I didn’t say a word. Just wanted to let my silence draw him closer, like he was a kite and I was reeling him in on an invisible string.
Predictably, he just kept talking, scolding me as he neared where I stood. “Don’t you have an ounce of respect for others? Your little harlot Mollie and the rest are probably already back at the house waiting for Mr. Sadsack. Well, this game of yours is going to end. I know places far away from here where delinquents like you can be sent for rewiring. Get you a brand-new personality. Tomorrow—” and I pulled out the revolver when he was two strides away and pulled the trigger, putting a slug right into his heart. He dropped before me without so much as a groan, eyes widening, on his knees in an attitude that looked for all the world like someone shocked into prayer, and I shot him once more, this time in his face.
Methodically following my plan, I removed my clothes and swam his limp body out toward the middle of pond, where I sank him as well as the revolver. Back on shore, I dried myself off quickly with the shirt I’d used to wrap the gun, dressed, and walked back home, numb and amazed.
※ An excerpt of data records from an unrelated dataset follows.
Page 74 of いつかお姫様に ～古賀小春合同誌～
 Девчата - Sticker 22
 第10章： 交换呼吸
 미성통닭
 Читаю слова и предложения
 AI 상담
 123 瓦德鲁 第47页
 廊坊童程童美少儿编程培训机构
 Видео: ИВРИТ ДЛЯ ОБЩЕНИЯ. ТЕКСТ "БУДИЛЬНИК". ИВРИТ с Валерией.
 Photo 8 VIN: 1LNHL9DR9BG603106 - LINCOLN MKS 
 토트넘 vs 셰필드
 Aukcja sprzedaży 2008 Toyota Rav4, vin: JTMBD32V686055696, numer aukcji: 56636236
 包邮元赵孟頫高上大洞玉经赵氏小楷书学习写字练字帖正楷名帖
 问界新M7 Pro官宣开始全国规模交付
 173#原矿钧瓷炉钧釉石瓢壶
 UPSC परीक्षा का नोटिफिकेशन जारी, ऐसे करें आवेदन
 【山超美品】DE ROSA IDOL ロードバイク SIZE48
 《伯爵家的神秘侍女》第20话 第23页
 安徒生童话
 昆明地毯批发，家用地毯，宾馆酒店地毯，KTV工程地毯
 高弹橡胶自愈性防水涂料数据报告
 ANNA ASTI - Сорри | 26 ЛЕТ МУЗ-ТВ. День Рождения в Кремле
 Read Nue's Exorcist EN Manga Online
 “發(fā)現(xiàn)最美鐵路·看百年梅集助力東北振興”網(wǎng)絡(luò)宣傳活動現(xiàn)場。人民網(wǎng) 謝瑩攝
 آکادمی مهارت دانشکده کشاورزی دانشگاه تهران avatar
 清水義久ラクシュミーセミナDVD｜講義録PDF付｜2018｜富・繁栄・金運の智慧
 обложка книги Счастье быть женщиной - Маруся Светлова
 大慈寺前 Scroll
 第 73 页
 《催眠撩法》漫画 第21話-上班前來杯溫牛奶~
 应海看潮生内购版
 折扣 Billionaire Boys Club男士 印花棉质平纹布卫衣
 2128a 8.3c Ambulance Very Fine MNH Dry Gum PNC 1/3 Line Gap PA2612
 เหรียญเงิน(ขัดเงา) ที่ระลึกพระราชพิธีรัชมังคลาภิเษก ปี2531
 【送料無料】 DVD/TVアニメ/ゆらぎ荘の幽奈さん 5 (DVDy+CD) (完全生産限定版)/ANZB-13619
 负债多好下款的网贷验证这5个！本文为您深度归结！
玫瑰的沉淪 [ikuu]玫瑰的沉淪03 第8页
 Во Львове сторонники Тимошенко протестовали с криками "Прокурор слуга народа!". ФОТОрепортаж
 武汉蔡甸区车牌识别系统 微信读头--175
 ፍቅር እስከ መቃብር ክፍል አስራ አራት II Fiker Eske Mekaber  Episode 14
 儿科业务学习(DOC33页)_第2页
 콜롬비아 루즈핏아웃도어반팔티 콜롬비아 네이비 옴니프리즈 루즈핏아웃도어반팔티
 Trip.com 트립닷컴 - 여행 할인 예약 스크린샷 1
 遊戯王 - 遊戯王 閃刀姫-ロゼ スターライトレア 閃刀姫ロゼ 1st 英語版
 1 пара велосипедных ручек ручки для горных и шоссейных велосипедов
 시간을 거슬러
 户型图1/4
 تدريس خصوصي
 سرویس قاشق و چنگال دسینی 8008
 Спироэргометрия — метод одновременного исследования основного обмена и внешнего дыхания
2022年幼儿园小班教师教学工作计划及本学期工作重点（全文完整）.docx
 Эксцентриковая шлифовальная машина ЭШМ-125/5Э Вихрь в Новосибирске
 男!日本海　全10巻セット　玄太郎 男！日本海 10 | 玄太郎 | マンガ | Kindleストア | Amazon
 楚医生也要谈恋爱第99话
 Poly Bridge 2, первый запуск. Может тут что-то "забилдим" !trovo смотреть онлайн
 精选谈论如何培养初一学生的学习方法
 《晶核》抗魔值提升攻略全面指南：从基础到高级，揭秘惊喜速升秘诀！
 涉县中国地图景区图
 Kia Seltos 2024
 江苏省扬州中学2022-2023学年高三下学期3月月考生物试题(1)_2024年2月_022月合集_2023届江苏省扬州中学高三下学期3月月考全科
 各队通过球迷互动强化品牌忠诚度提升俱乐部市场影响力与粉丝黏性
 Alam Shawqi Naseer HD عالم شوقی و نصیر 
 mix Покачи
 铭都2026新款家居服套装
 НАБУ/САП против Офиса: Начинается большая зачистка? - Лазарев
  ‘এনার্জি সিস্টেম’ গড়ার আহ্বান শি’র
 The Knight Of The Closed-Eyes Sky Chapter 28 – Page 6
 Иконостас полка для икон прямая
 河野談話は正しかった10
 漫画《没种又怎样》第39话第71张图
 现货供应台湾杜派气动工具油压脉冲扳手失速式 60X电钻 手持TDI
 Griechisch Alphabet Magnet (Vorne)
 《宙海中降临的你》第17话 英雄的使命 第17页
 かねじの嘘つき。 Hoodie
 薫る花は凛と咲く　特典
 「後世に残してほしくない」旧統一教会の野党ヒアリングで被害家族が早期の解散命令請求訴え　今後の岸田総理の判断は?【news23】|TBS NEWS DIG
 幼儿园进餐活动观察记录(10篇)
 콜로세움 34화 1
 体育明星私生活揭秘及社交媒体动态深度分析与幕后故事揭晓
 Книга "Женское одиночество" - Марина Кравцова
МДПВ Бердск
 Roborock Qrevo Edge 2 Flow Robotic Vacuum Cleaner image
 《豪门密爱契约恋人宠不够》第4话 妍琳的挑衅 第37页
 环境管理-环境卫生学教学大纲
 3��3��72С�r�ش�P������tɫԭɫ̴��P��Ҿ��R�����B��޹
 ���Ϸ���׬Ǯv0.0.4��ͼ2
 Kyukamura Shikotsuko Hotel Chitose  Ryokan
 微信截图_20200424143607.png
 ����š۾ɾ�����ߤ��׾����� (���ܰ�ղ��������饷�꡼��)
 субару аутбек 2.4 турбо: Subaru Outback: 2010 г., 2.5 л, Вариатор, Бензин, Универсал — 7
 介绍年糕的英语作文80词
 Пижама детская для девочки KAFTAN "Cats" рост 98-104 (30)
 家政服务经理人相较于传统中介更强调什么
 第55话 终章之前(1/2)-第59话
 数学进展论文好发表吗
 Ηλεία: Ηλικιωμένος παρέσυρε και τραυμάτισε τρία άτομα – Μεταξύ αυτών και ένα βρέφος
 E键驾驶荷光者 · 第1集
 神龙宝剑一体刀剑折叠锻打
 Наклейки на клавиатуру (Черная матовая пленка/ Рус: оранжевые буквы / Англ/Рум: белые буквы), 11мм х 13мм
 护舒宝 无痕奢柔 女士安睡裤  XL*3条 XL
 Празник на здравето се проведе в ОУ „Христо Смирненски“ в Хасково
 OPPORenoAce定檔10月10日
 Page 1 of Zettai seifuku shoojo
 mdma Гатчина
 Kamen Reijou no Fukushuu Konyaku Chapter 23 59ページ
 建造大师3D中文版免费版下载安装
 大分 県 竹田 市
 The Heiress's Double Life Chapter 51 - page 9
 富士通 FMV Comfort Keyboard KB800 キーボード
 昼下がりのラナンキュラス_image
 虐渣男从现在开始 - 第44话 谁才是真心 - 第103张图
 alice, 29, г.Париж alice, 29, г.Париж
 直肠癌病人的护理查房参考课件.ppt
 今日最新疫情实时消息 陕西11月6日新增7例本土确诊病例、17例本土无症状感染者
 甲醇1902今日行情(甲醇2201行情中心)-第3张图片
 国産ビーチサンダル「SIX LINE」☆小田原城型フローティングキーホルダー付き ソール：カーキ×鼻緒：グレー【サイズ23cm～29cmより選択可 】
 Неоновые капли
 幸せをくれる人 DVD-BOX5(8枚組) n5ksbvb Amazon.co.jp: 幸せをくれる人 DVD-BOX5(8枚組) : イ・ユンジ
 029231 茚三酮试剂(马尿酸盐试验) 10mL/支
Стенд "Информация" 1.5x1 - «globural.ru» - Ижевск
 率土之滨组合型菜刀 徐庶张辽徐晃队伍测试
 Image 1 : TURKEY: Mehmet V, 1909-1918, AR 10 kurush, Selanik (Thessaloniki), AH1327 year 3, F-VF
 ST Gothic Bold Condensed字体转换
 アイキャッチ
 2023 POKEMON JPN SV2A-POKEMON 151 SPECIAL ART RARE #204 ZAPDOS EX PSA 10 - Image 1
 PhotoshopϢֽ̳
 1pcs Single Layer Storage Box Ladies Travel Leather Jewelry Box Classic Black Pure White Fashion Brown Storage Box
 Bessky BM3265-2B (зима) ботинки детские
“Oh, there he is,” Grandmother Iris cried out.
Franklin had been mostly right about the guests having already arrived, though of course he’d been mistaken about Mollie and her father. I accepted a glass of punch from the adult bowl, the one with champagne added to the cranberry juice, and did my best to engage in conversation with the neighbors.
When Iris asked, “Where’s Franklin?” I answered, “How should I know?” though I could hear my voice quaking. Not from guilt, but something more akin to excitement. I couldn’t believe I had summoned the courage to carry through with my idea. To say one is proud of taking a life is fundamentally unethical, morally wrong—I know, I know. But Franklin had become, for me, a saboteur, a guerrilla, an enemy combatant, and taking him out of the picture seemed more an act of domestic warfare than anything else. I held to the belief that my father would have approved.